··· The data

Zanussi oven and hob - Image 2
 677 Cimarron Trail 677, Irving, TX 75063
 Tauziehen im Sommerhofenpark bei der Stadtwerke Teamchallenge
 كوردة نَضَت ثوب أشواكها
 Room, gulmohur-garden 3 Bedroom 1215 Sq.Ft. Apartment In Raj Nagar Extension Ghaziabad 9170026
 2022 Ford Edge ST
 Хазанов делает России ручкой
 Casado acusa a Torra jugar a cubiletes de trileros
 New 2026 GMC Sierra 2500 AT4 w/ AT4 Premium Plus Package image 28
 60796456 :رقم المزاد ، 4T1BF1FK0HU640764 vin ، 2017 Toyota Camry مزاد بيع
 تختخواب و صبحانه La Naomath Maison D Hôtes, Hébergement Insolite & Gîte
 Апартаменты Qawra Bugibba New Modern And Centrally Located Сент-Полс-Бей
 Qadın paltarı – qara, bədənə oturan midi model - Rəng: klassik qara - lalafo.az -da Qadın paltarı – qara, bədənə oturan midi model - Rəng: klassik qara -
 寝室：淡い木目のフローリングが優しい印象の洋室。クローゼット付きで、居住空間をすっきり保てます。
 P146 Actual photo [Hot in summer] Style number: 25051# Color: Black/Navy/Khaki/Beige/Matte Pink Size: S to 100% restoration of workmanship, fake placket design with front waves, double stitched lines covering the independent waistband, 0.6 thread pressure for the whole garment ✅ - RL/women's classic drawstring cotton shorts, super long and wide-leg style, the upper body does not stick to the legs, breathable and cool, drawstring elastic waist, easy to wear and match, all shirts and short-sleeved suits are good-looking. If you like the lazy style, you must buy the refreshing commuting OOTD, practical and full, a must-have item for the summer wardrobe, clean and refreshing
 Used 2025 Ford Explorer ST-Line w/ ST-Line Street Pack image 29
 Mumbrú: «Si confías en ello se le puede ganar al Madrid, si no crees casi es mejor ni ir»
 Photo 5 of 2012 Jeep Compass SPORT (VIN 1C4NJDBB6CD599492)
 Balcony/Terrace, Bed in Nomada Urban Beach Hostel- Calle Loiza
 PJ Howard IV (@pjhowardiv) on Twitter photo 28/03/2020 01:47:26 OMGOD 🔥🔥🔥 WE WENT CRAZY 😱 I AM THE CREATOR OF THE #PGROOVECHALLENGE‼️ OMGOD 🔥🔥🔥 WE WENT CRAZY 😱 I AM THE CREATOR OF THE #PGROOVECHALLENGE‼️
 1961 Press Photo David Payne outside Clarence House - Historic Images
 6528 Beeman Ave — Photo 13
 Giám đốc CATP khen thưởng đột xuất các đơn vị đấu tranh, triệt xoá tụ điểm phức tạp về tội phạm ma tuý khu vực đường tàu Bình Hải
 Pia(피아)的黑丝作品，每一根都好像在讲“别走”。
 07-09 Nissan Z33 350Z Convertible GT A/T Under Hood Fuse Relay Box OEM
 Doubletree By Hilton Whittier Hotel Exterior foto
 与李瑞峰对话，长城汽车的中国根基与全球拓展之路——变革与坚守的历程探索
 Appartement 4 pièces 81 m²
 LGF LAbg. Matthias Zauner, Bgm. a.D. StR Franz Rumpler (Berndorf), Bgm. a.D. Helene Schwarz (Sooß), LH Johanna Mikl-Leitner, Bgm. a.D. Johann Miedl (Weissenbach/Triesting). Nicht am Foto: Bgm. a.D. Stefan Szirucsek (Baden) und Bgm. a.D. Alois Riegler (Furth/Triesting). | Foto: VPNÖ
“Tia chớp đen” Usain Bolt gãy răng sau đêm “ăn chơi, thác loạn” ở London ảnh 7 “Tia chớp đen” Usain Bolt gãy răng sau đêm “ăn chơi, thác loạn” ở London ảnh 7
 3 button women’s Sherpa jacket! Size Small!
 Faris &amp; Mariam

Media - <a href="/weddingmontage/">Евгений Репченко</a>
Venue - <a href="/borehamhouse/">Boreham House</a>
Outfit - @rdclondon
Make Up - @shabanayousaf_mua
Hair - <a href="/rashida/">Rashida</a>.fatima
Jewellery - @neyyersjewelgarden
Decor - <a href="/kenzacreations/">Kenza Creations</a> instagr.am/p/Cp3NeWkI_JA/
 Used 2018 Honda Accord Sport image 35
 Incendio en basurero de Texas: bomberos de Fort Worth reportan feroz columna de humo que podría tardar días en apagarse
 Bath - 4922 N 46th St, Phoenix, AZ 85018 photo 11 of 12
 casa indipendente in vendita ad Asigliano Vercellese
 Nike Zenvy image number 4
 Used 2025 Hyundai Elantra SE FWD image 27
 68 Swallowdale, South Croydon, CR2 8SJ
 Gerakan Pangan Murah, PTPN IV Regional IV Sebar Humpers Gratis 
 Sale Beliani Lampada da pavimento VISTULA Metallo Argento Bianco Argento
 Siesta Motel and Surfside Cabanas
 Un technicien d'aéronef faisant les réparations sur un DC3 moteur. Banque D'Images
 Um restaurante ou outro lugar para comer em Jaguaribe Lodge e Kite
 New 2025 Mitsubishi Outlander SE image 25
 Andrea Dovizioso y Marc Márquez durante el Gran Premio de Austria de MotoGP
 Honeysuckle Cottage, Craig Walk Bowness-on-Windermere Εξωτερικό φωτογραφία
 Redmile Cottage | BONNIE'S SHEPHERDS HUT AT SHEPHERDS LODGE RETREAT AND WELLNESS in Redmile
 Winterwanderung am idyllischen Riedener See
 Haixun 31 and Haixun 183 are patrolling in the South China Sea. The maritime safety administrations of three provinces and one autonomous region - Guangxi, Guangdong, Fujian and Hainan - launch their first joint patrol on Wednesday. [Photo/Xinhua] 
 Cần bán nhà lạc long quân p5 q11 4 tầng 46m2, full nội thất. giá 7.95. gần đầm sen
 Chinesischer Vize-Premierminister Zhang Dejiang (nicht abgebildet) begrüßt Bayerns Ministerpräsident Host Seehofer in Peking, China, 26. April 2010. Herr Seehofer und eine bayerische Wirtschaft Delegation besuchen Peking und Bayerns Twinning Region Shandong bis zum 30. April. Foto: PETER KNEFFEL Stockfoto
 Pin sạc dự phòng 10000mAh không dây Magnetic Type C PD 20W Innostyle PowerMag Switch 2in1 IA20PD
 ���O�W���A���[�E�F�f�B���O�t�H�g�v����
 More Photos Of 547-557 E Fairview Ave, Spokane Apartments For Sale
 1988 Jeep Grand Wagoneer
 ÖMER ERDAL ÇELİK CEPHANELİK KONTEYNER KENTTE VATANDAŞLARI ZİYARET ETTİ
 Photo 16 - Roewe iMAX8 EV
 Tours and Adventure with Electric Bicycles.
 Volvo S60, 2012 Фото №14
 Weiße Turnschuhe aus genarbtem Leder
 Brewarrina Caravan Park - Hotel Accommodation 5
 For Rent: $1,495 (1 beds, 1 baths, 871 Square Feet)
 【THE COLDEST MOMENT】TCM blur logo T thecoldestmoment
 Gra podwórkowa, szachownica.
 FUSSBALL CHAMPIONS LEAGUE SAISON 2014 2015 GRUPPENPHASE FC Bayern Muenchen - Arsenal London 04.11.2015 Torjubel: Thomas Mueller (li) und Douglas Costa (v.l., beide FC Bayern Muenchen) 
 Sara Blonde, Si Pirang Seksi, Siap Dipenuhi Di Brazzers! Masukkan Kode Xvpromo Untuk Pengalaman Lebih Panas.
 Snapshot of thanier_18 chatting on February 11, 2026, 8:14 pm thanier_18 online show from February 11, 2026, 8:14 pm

······

Action item: What lines above mention "House"? Copy each one.

Response below:
 1961 Press Photo David Payne outside Clarence House - Historic Images
Venue - <a href="/borehamhouse/">Boreham House</a>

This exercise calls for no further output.